Les encarece a los corintios que el cuerpo es templo del
Espíritu Santo. La razón es evidente: somos miembros de Cristo, por eso estamos
animados por su espíritu, de ahí que no nos pertenezcamos a nosotros mismos. El
cuerpo es un santuario. Está para el Señor. Más aún, el cuerpo es miembro de
Cristo. Quien se entrega a deshonestidades profana el templo; desacraliza y
deshonra los miembros de Cristo haciéndolos miembros de una prostituta. De ahí
la grave advertencia: "Si alguien destruye el santuario de Dios, Dios
lo destruirá a él, porque el santuario de Dios, que sois vosotros, es
sagrado".
El Apóstol de los Gentiles hace derivar la grandeza y
dignidad del matrimonio cristiano de esa semejanza con la unión
esponsalicia-conyugal entre Cristo y su Iglesia.
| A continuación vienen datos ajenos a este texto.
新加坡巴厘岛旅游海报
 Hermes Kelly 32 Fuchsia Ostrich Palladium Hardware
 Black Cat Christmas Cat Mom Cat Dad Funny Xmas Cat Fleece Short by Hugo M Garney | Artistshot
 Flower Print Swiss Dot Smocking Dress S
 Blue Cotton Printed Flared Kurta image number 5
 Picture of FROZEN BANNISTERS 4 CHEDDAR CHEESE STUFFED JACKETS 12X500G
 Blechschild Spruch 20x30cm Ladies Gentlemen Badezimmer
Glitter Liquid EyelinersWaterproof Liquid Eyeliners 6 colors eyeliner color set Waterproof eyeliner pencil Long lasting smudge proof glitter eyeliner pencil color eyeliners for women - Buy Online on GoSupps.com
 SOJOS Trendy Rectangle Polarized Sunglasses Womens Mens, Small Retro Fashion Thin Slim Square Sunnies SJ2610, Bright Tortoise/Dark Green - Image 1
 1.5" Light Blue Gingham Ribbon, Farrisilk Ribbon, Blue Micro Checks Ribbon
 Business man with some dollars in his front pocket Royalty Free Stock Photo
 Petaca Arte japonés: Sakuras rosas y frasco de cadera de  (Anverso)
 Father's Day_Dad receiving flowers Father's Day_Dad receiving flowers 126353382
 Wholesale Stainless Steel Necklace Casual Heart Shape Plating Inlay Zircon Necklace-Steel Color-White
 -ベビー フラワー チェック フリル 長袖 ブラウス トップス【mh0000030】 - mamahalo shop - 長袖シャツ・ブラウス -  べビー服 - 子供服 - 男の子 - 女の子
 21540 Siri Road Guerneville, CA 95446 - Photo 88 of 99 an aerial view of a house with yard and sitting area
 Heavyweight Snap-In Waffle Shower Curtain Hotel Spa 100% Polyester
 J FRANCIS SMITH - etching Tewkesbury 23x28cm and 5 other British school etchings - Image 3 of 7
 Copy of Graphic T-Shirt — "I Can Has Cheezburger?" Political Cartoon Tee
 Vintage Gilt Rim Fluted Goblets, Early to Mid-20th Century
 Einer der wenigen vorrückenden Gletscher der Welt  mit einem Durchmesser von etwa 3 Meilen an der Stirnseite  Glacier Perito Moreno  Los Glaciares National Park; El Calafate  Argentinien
Así les enseña a los efesios:
"Las mujeres deben
respetar a los maridos como al Señor; porque el marido es cabeza de la mujer
como Cristo es cabeza y salvador de la Iglesia, que es su cuerpo. Así, como la
Iglesia se somete a Cristo, de la misma manera las mujeres deben respetar en
todo a los maridos. Maridos, amad a vuestras esposas como Cristo amó a la
Iglesia y se entregó por ella, para limpiarla con el baño del agua y la
palabra, y consagrarla, para presentar una Iglesia gloriosa, sin mancha ni
arruga ni cosa semejante, sino santa e irreprochable. Así tienen los maridos
que amar a sus mujeres, como a su cuerpo. Quien ama a su mujer se ama a sí
mismo; nadie aborrece a su propio cuerpo, más bien lo alimenta y cuida; así
hace Cristo por la Iglesia, por nosotros, que somos los miembros de su cuerpo.
Por eso abandonará el hombre a su padre y su madre, se unirá a su mujer, y
serán los dos una sola carne. Ese símbolo es magnífico, y yo lo aplico a Cristo
y a la Iglesia. Del mismo modo vosotros: ame cada uno a su mujer como a sí
mismo y la mujer respete a su marido" (Ef 5,22-33).
De modo similar a san Pablo, san Juan emplea la metáfora
nupcial para explicar la alianza de Dios. También en san Juan el novio no es simplemente
Dios, sino Cristo. Para san Juan el tiempo presente del mundo constituye un
único y gran tiempo en que la novia espera al novio. Por eso concluye el
Apocalipsis con las palabras:
"Yo, Jesús, envié a mi
Ángel a vosotros con este testimonio acerca de las Iglesias. Yo soy el retoño
que desciende de David, el astro brillante de la mañana. El Espíritu y la novia
dicen: ven. El que escuche diga: ven" (Ap 22,16s).
Y reitera:
"El que atestigua todo
esto dice: sí; vengo pronto. Amén. Ven, Señor Jesús.